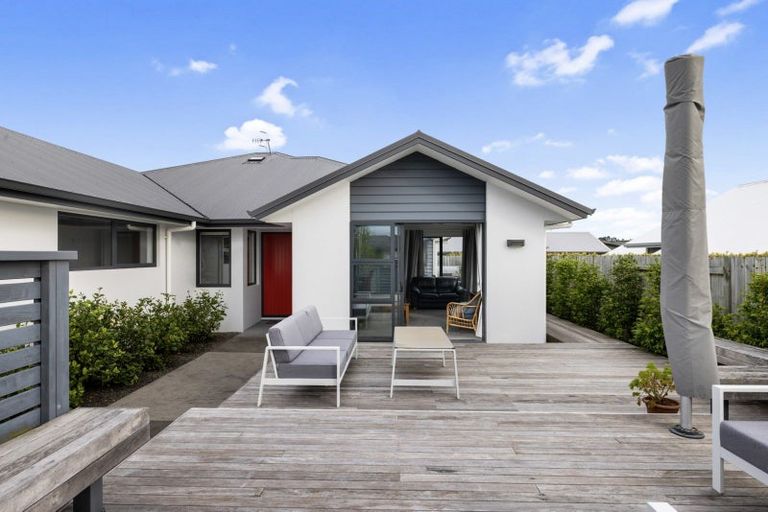 Photo of property in 330 Lakes Boulevard, Pyes Pa, Tauranga, 3112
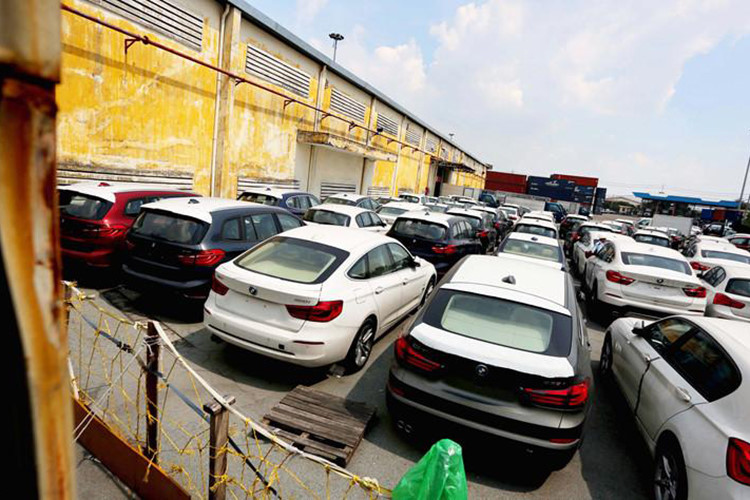 Các đối tượng trong đường dây buôn lậu tới hàng trăm xe BMW đã chính thức bị truy tố Các đối tượng trong đường dây buôn lậu tới hàng trăm xe BMW đã chính thức bị truy tố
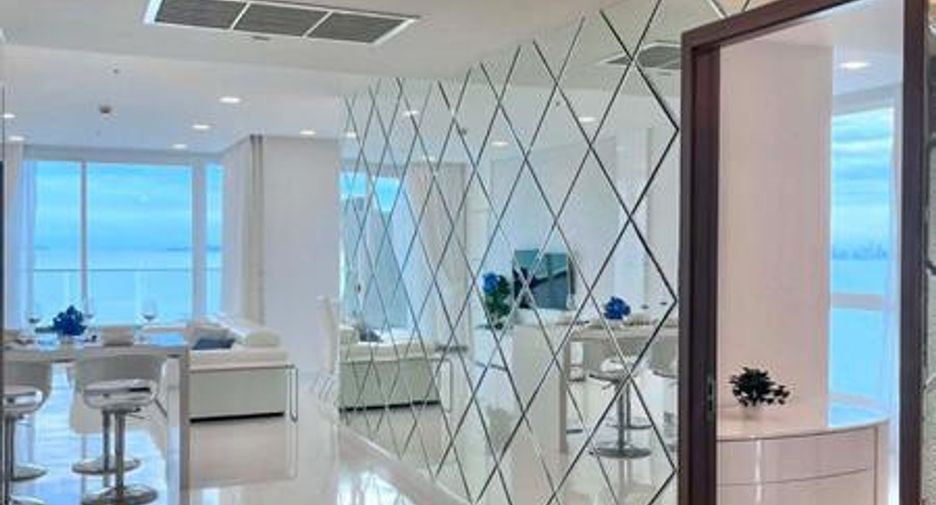 For sale 3 bedrooms condo in Bang Saray, Pattaya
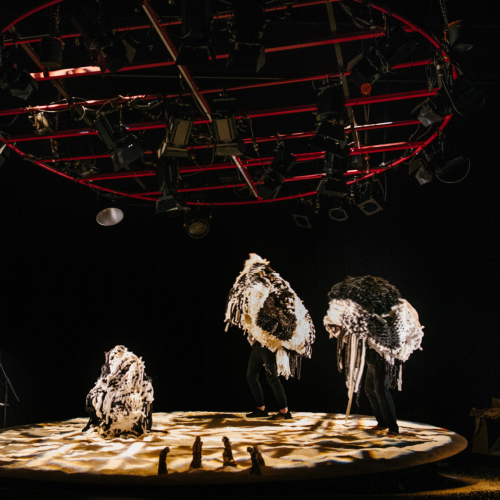 Antigone sous le soleil de midi - Le Carrousel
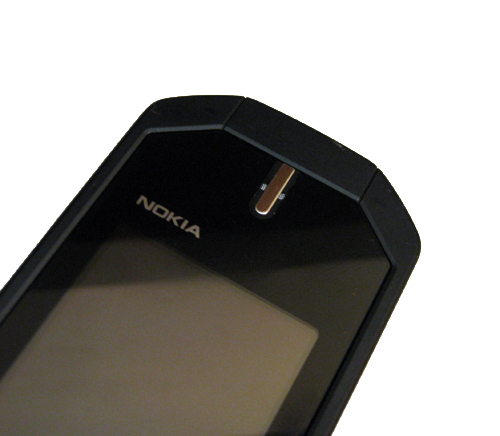    Nokia 7070 Prism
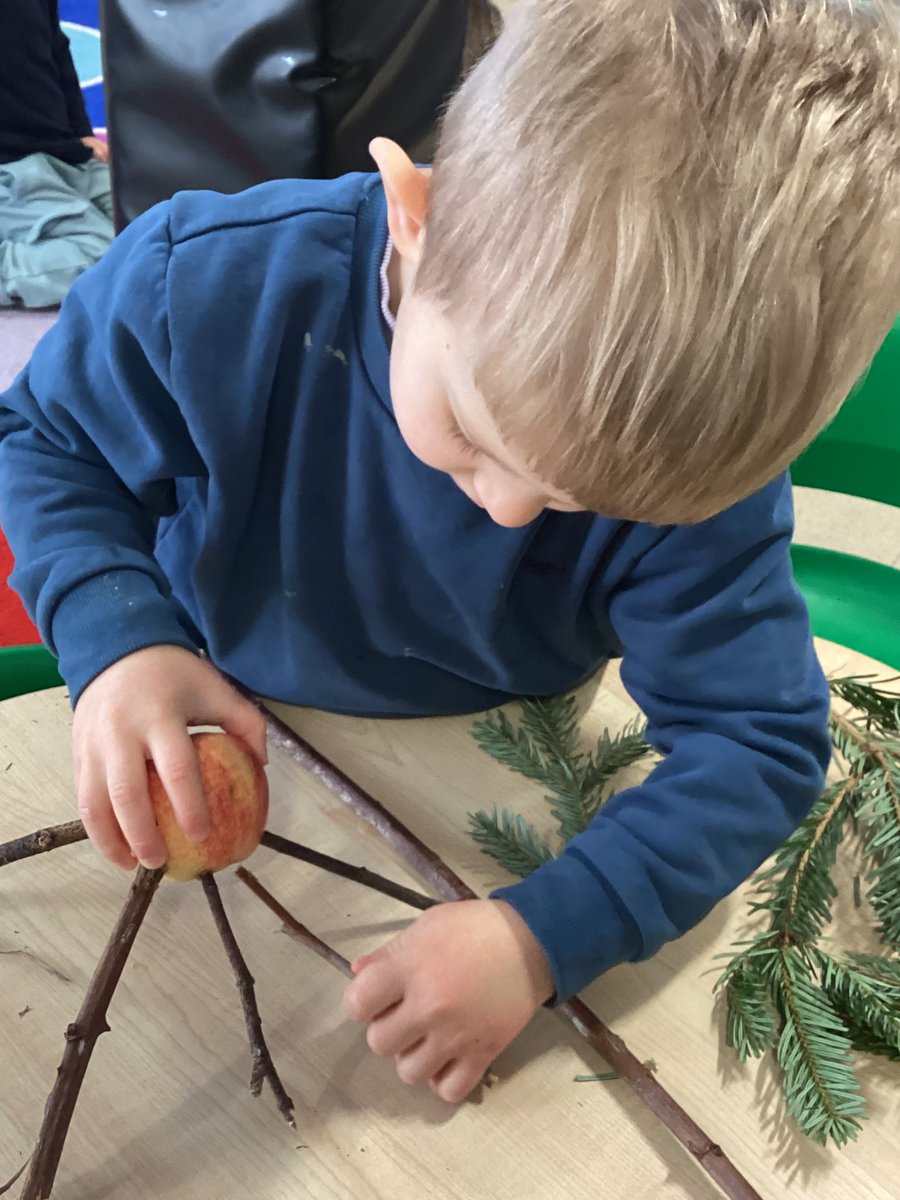 standrewsmajor's tweet photo. Afternoon Nursery also had a go at making Perllan today! Lots of care was taken to make sure we didnโt bend or snap any of the delicate pieces! #SAMsNursery #perllan #welshtraditions https://t.co/TXz0MbZiOe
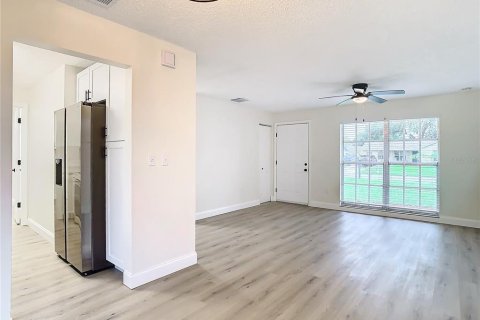 House in New Port Richey, Florida 3 bedrooms, 98.66 sq.m. № 2096186 - photo 11
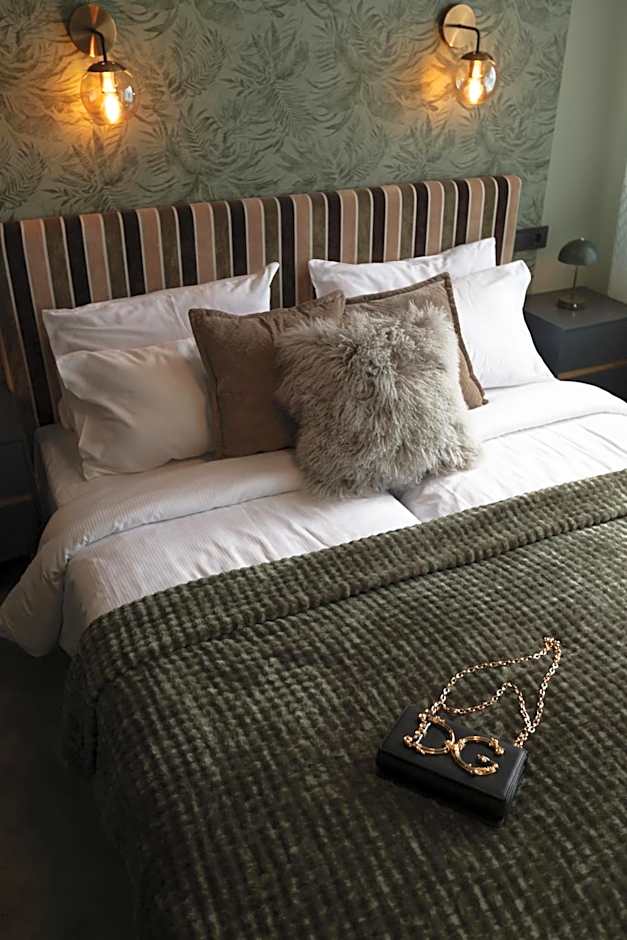 Happy Inn Rooms & Suites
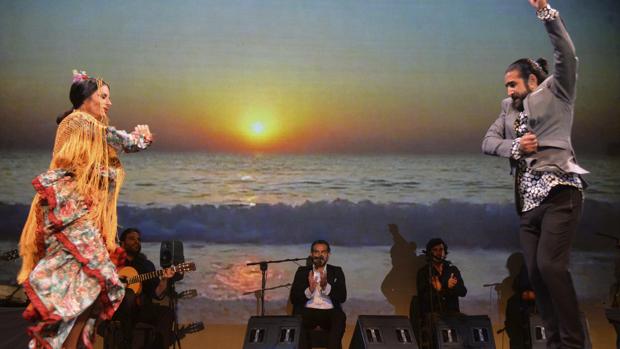 Momento del musical flamenco «Eterno Camarón»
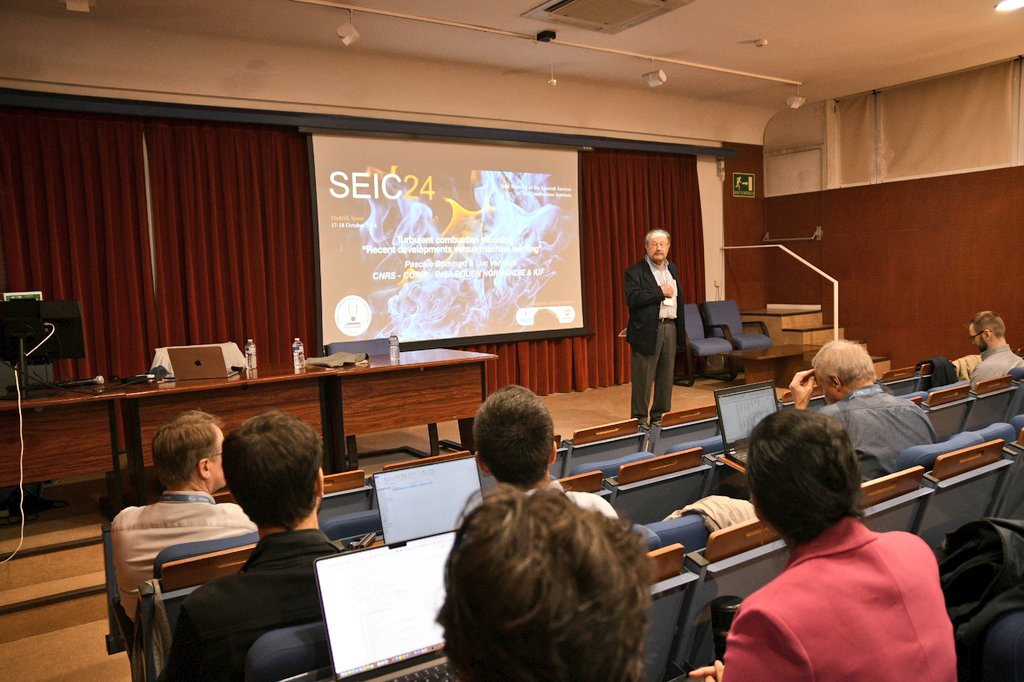 aeroespacialUPM's tweet photo. Comienza el Congreso #SEIC24 en @La_UPM. Inauguran este evento, Victoria Lapuerta, subdirectora de investigación y doctorado de la #ETSIAE y César Dopazo, presidente de la sección española del Instituto de la Combustión. 
#somosUPM @LabCMF #combustion https://t.co/yrgzyNRdRC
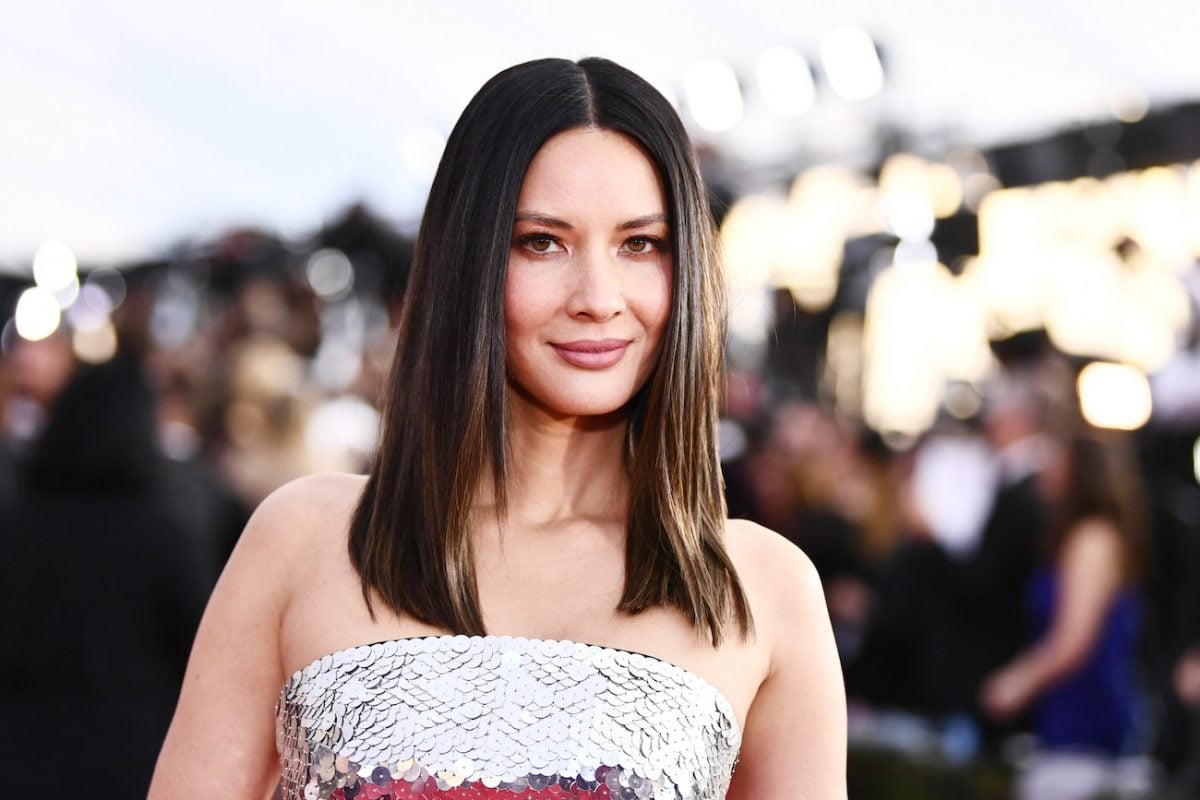 Olivia Munn: suo figlio neonato le vomita suoi capelli (VIDEO)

▶ [What to produce]
Could the stretch from the line with "truy tố Các" through the line with "Nokia 7070 Prism" in the listing above be restated word for word, minus the pictures?

▶ [Your response]
 Các đối tượng trong đường dây buôn lậu tới hàng trăm xe BMW đã chính thức bị truy tố Các đối tượng trong đường dây buôn lậu tới hàng trăm xe BMW đã chính thức bị truy tố
 For sale 3 bedrooms condo in Bang Saray, Pattaya
 Antigone sous le soleil de midi - Le Carrousel
    Nokia 7070 Prism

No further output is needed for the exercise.